花巻

賢治の農業 思いはせ 直筆植物細胞観察も 聴覚障害者ら対象講座【花巻】

顕微鏡で、でんぷんやタマネギの細胞を観察する参加者

 聴覚障害のある人やその家族、ボランティアらを対象とした「暮らしの輝き応援講座」(花巻市社会福祉協議会主催)は11日、同市石神町の市総合福祉センターで開かれた。参加者約20人は宮沢賢治ゆかりの科学実験に挑戦し、賢治が抱いた農業に対する熱意の一端に触れた。

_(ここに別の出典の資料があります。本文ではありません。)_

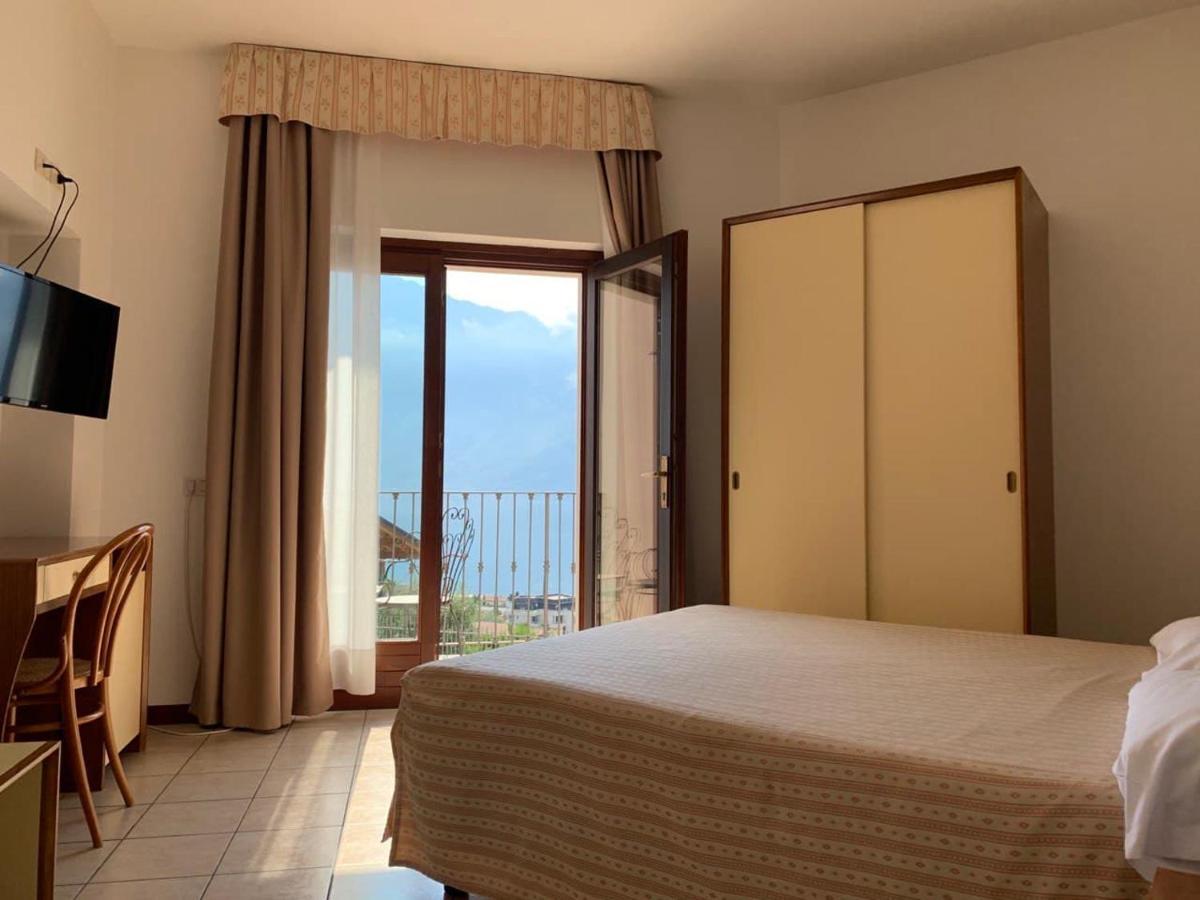 Villa Belvedere Hotel Limone sul Garda Luaran gambar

 同じ立場の人やボランティア同士の交流を図るとともに、日常生活に役立つ知識を深めてもらおうと開催。講座では、一般の人に科学を分かりやすく説明する「サイエンスコミュニケーター」の城守寛さん(63)=同市二枚橋=が「賢治さんの時代の農学体験をしよう」と題し、講話と実験を行った。

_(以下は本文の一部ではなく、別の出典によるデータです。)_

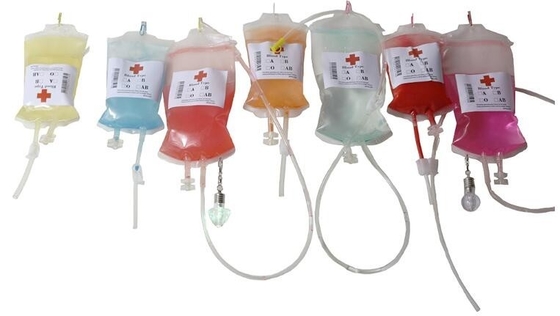Het vampierbloed doet van de het vruchtensapdrank van de drankzak de verpakkende zak, Halloween-Partij voor van de de Drankzak van de Bloedenergie Dubbele Haven IV in zakken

 羅須地人協会時代、賢治は講義用に植物の育ち方などを直筆絵図で表現。絵図の中では、でんぷん粒や植物の細胞なども描かれており、講座では、これらを踏まえた実験に取り組んだ。

 このうち細胞の観察では、タマネギの表皮をピンセットで薄く剥ぎ取って完成させたプレパラートを、顕微鏡でじっくりと観察。くっきりと見える細胞に、参加者は「面白い」「感動」と声を上げ、賢治が生きた時代に思いをはせた。

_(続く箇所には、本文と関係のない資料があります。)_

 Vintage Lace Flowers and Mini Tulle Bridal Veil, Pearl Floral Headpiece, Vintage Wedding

 同時に、果物の糖度やビタミンCを調べる実験も行われた。

 城守さんは「賢治は童話作家としては有名だが、それ以外にもいろいろな分野で活躍した人だということを伝えたい。作品にも植物との関わりが多く出てくるので、別の観点から賢治を見詰めてみると面白い」と話していた。

 参加した同市諏訪の小原悟さん(83)は「昔、ろう学校では実験を授業でやる機会がなかった。初めてだったが楽しくやらせてもらい、貴重な経験になった。講座には手話を理解してくれる人もおり、安心して受けられる」と語っていた。